Марио Торнелло «Человек-хищник» В этой невероятной фигуре и в самом лице было нечто отталкивающее, хищное, но одновременно жалостливо-щемящее. Казалось, художник начал рисовать портрет несчастного человека, а затем изменил свое намерение и закончил тем, что дал волю воображению, и у его героя появилось одно крыло и птичьи лапы, очень странные, отличные одна от другой, едва очерченные, абстрактные. Однако особенно его мучило и притягивало лицо этого фатального, порожденного кошмаром существа, и чем больше он смотрел на это бледное, металлически-мерцающее лицо с трагически приподнятыми бровями, резко выступающими скулами и острой мефистофельской бородкой, тем сильнее росло его беспокойство и все настойчивей им овладевала мысль, что оно было ему знакомо.

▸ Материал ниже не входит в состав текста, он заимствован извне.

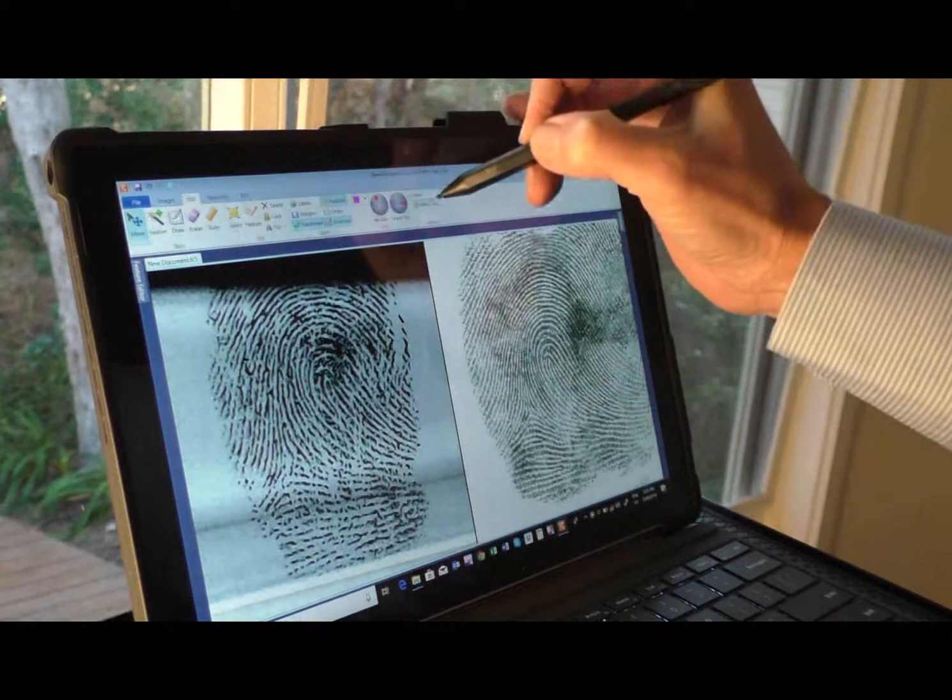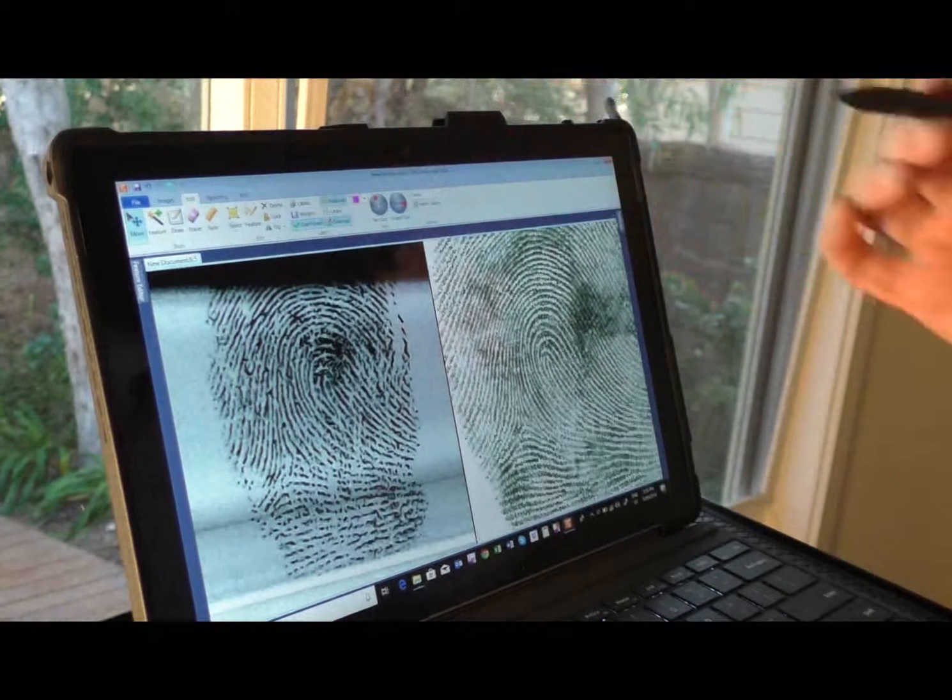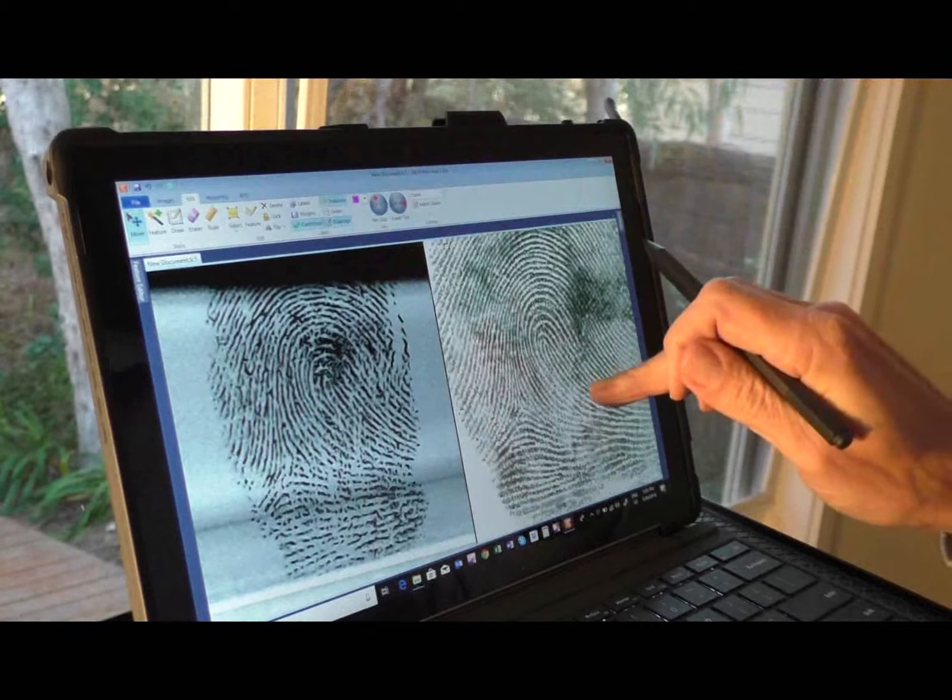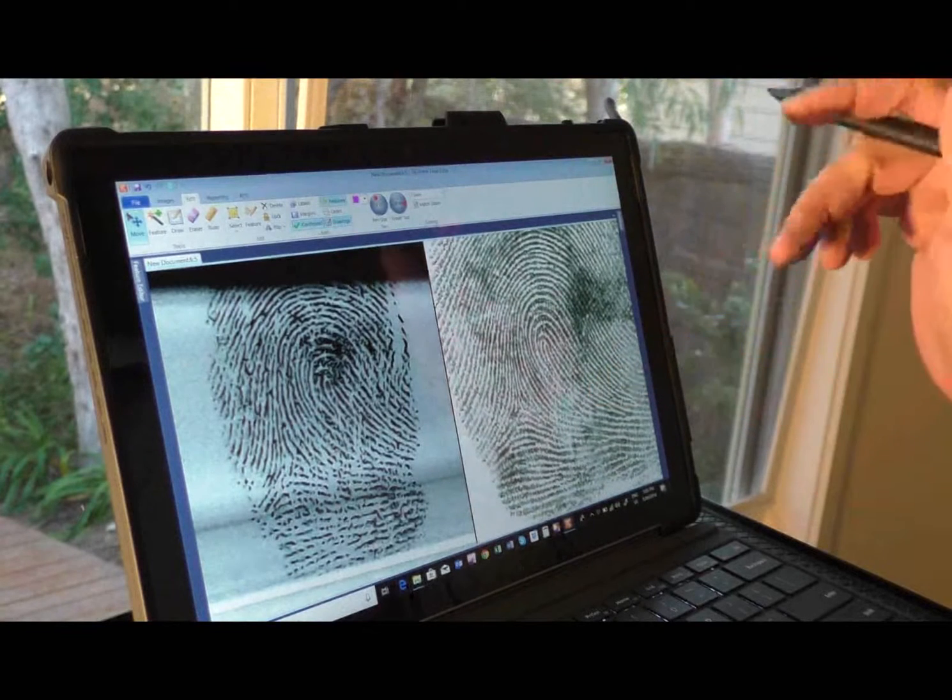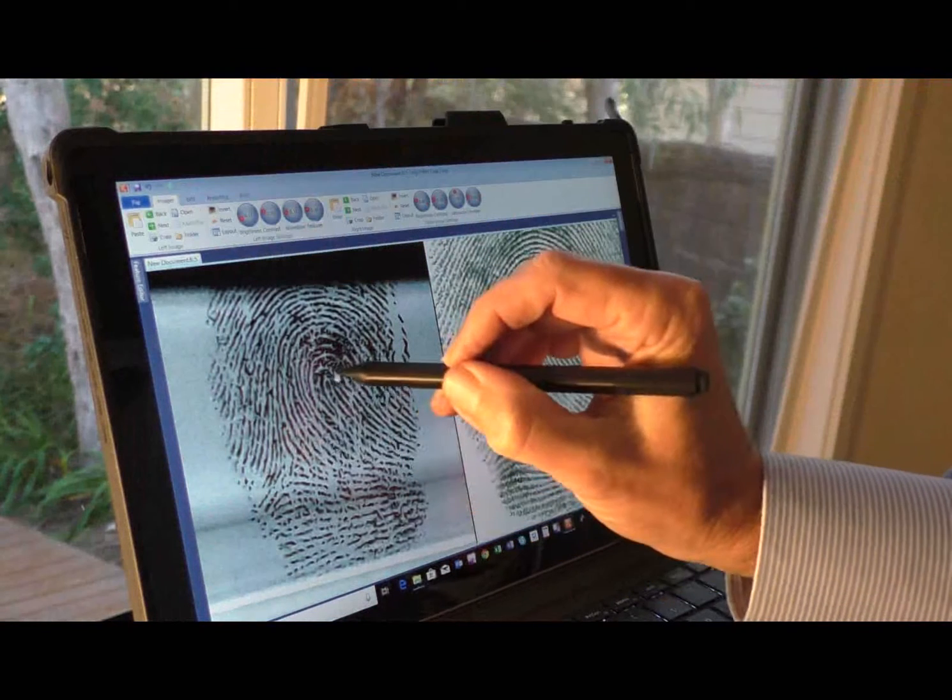The match zoom tools can then be used to precisely equalize the zoom of the impressions. A manual comparison can then be conducted.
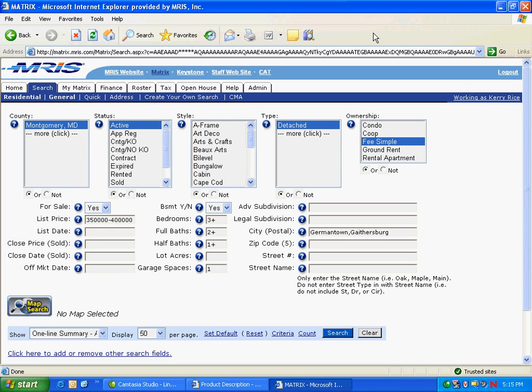The new Lingo functionality in Matrix allows you to offer your clients even more options for viewing homes. This video will show how this functionality can be used in listings that you send to your clients from Matrix, as well as the auto emails that go out from Matrix every night.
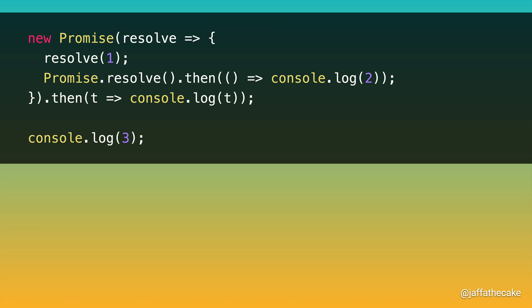So here's a little puzzle. Given this piece of code, can you figure out the order the numbers will be logged? Now, if you haven't tried it yet, pause the video and give it a go.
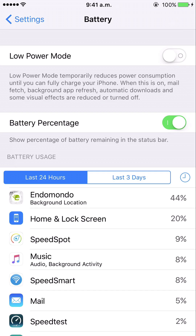It's currently off, but underneath it tells you what will happen when you switch it on: Low Power Mode will temporarily reduce power consumption until you can fully charge your iPhone. This affects mail fetch, background app refresh, automatic downloads, and some visual effects, which are reduced or turned off.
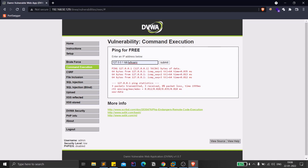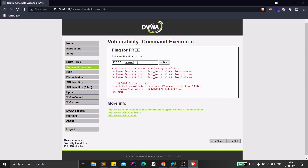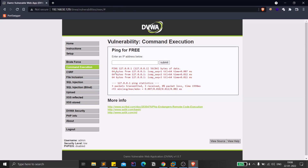Using a semicolon before whoami also works and returns 'www-data'. I also tested the OR operator (||). The difference with OR is based on true/false logic — only the first command executes in this case. So all four operators demonstrate successful OS command injection on the easy/low security setting.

Наверное, он простоял перед картиной не менее пяти минут, вызвав нетерпение и саркастические замечания шофера, пока завеса в его сознании не начала приподниматься и он, осененный внезапной вспышкой, не увидел, что с полотна на него смотрело лицо Шаляпина.
Как же он мог сразу не узнать его? Это были именно его суровые, резко очерченные черты, не всегда приятные, порой и в самом деле хищные, особенно когда он душой и телом перевоплощался в своего адского персонажа. Только теперь он понял, что незнакомый художник, если, конечно, таковы были его намерения, создал гораздо более смелое и проникновенное изображение Шаляпина и его внутреннего мира, чем все известные русские портретисты, бывшие его друзьями и старавшиеся ему польстить. Портрет Серова был, без сомнения, грандиозен, и в нем, надо сказать, от Феденькиной подлинной двоякой сущности кое-что проглядывало, в отличие от «сладеньких», хотя и талантливых работ Константина Коровина в импрессионистической манере, на которых Шаляпин представал только красавчиком и богатырем. Даже более новаторские и откровенные, срывающие все покровы с души портреты Бориса Григорьева, как он теперь видел, отнюдь не были пределом проникновения в суть его вечно ускользающего, противоречивого и изменчивого друга, хотя еще совсем недавно они казались ему верхом смелости и отваги. На них и он сам, с постным выражением лица и ранними морщинами, а также с мешками под глазами и набухшей у виска жилкой, выглядел не особенно приглядно, а Шаляпин и вовсе походил на мужичка в бане.
Однако нет предела совершенствованию, иронично заключил он, и в этом впечатляющем хищнике с человеческим лицом как нельзя более проступала, угадывалась самая суть Феденьки, любившего деньги и материальные блага и часто повторявшего, что «бесплатно только птички поют». А он птичкой никогда не был, он был именно хищником, коршуном, бросавшимся стрелой на добычу, и было в некотором его цинизме, в его духовной беспринципности нечто роковое и для него самого, от чего он первый страдал и губил дорогих ему людей, и о чем странным образом напоминало это зловещее существо с застывшими чертами, в глазах которого таились ужас и страх.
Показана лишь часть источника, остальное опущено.